Relative cultural homogeneity during the colonial and early republic period meant that concepts of inclusion into public culture—particularly as enshrined in the law—were generally defined by European males, usually from wealthy families, who were overwhelmingly Protestant. The “blue” and Sunday closing laws, religious restrictions on voting and eligibility for election, prosecutions for blasphemy, and Bible reading in school were common reflections of the synthesis of Protestantism and U.S. public society. Some Catholic men did participate in the larger political culture—for instance, Charles Carroll of Carrollton, Maryland, was one of the signers of the Declaration of Independence—but by the American Revolution even the historically Catholic colony of Maryland was under Protestant political control.

Free African Americans, women, Jews, and the working classes were marginalized politically and, thus, rendered incapable of contributing to the larger cultural debates in other than occasional or indirect ways. Enslaved African Americans and Native Americans residing on reservations were specifically excluded by law. This meant that, for the most part, although all of these groups may have been the focus of public debate about the ethics of slavery or the rights of women, for example, they were never mistaken for fully vested members of U.S. society.

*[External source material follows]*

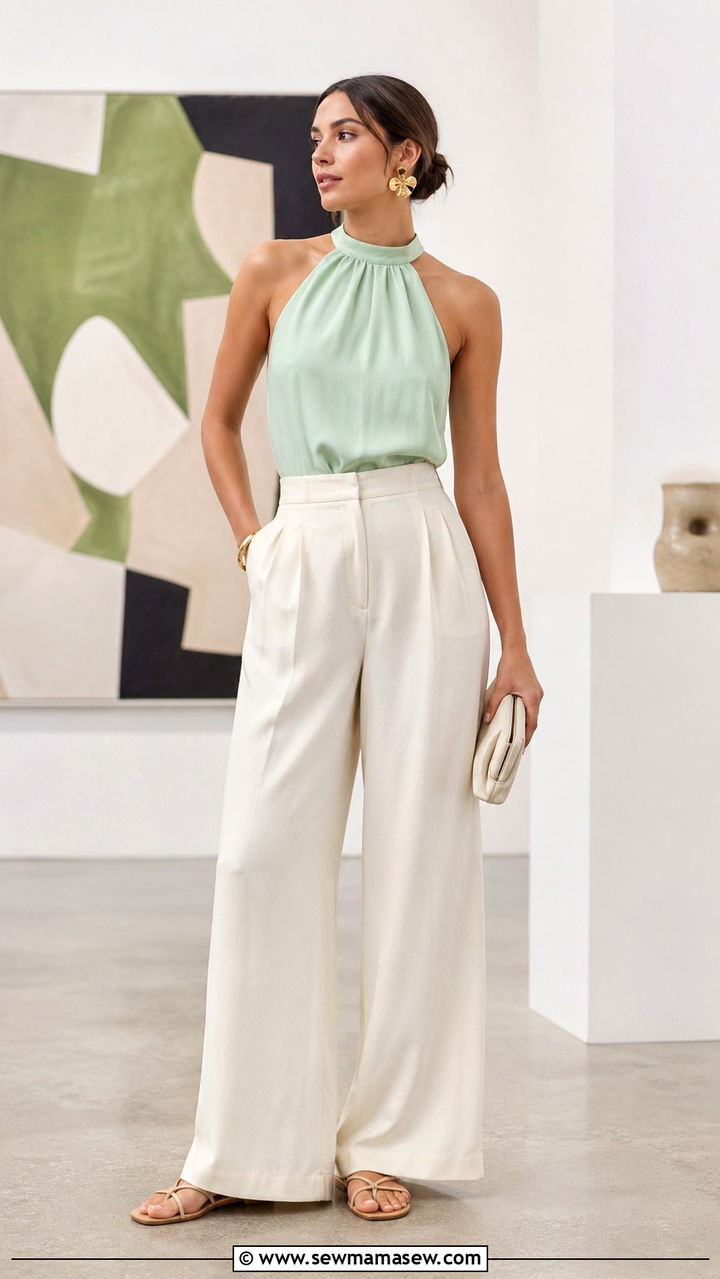 Mint Halter Top With Wide Leg Trousers Outfit - 30 Spring mint outfit ideas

This is not to suggest that there was universal agreement within the Euro-American Protestant world. Some scholars of the U.S. Constitution's First Amendment have suggested that its religious clauses were crafted specifically to protect the new federal government from serious and continuing denominational suspicions that dominated specific colonies as they became states. Given the relative homogeneity of the power elite, religion was the most tangible cultural distinction; a federal guarantee permitting the continuation of state religious establishments while disestablishing the federal government meant that, for example, Massachusetts Congregationalists and Virginia Episcopalians could reach a consensus on the new national charter.

The Impact of Immigration

By the 1840s, however, significant changes introduced challenges to the perceived Protestant monopoly on the “U.S.” identity. Roman Catholicism—established on the West Coast nearly a century before British Protestantism settled the East—became the largest single religious identity in the United States when the Methodists split North-and-South over slavery. In addition, increased immigration from Ireland and Germany meant an increased number of Roman Catholics in the United States. By the end of the 19th century, continued Catholic immigration coupled with a relative explosion in Jewish immigration (from Central and Eastern Europe), as well as the beginnings of Eastern Orthodox immigration from the Baltic and Mediterranean states, meant that the religious complexion of the country was changing.